A Commons file used on this page has been nominated for speedy deletion
The following Wikimedia Commons file used on this page has been nominated for speedy deletion:
You can see the reason for deletion at the file description page linked above. —
Community Tech bot (
talk) 12:07, 25 March 2019 (UTC)reply
Last paragraph of introduction looks as if it may have been added accidentally
The last paragraph of the intro looks to be in the wrong section, as well as having numerous grammatical and word choice errors. It introduces a story that belongs in the institution's history, with no connection to the general overview directly above. It also contains no citations for the incident it describes.

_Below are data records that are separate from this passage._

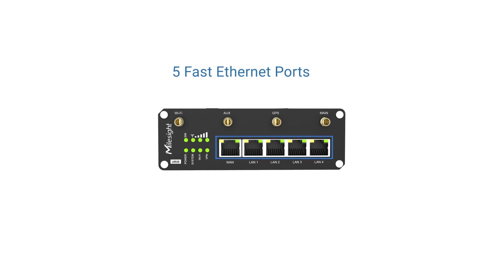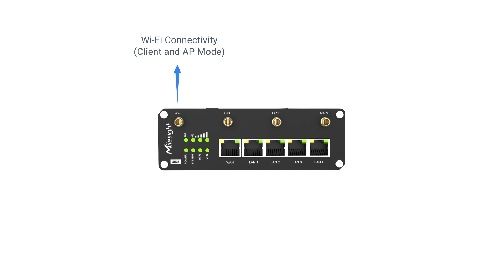The UR35 has 5 fast Ethernet ports and 4 of them are acting as power sourcing equipment. Wi-Fi connectivity, 4G network, and GPS function can be supported simultaneously.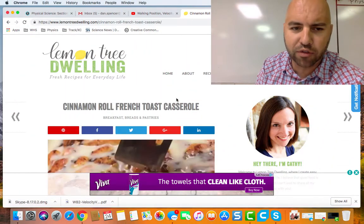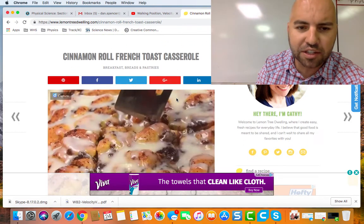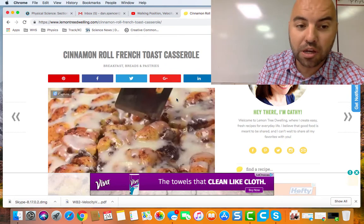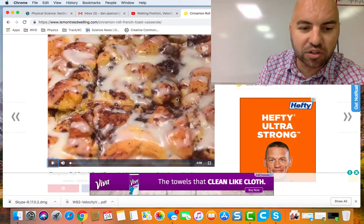We'll talk more about that later. But you are also going to make a video recipe. If you don't know what a video recipe is, I want to show you this. So like old people are on Facebook, and they always are sharing these different things. This nice lady, Lemon Tree Dwelling — fresh recipes for everyday life — this is Kathy. I don't know Kathy, but Kathy has this video recipe of cinnamon roll French toast casserole, and she's got this lovely little video right here. So let's watch.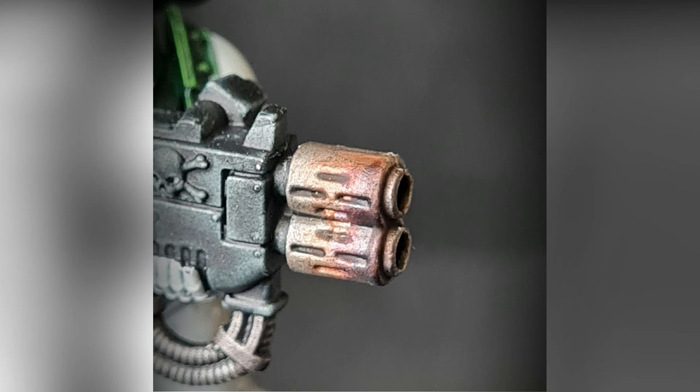Hello everybody and welcome to the channel. My name is Ian and you're watching The Weekend Painter. Today I'm going to show you three different techniques for painting melter gun barrels.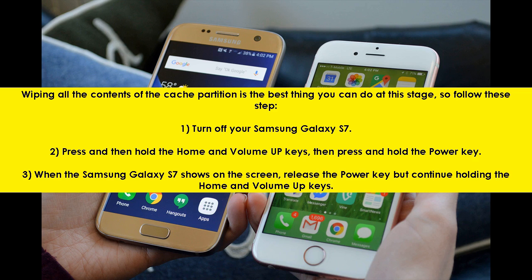Step 1: Turn off your Samsung Galaxy S7. Step 2: Press and then hold the home and volume up keys, then press and hold the power key. Step 3: When the Samsung Galaxy S7 logo shows on the screen, release the power key but continue holding the home and volume up keys.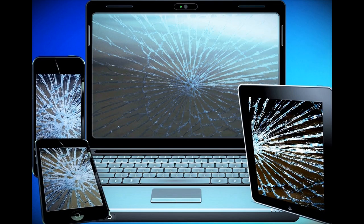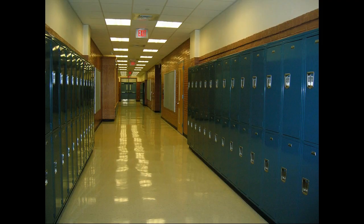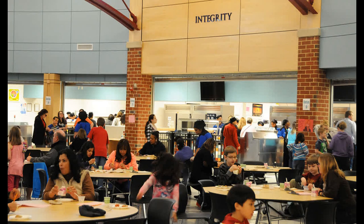Be sure to report any Chromebook damages or technical issues to your teacher or other school personnel. Store your Chromebook upright in your locker with no heavy objects on top or you may damage it. Be sure to leave your Chromebook in your locker at lunch.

The out-of-place paragraph reads as follows:
On an early September afternoon patients within the ward named “special cases” there began a mental out burst as the news papers explained it. the patients raided cupboards med labs and multiple other vital medicinal necessities were ruined putting the other patients in other wards in danger they later restrained majority of the patients except for 7 people who remain unnamed unfortunately. The city was distraught about this mishap and the condolences go out to the family’s of the lost patients since then the hotel is under new management and nothing bad has happened since September of 1978
I suggest that this incident, if confirmed, would belong in the "1930 to the present" subsection, where it is not currently mentioned. The final sentence incorrectly identifies Bethlem as a "hotel" (typo for "hospital"?). Its claim that "nothing bad has happened since September of 1978" seems too vague to substantiate, and is directly contradicted by the later "Fatal restraints" incident cited in 2010.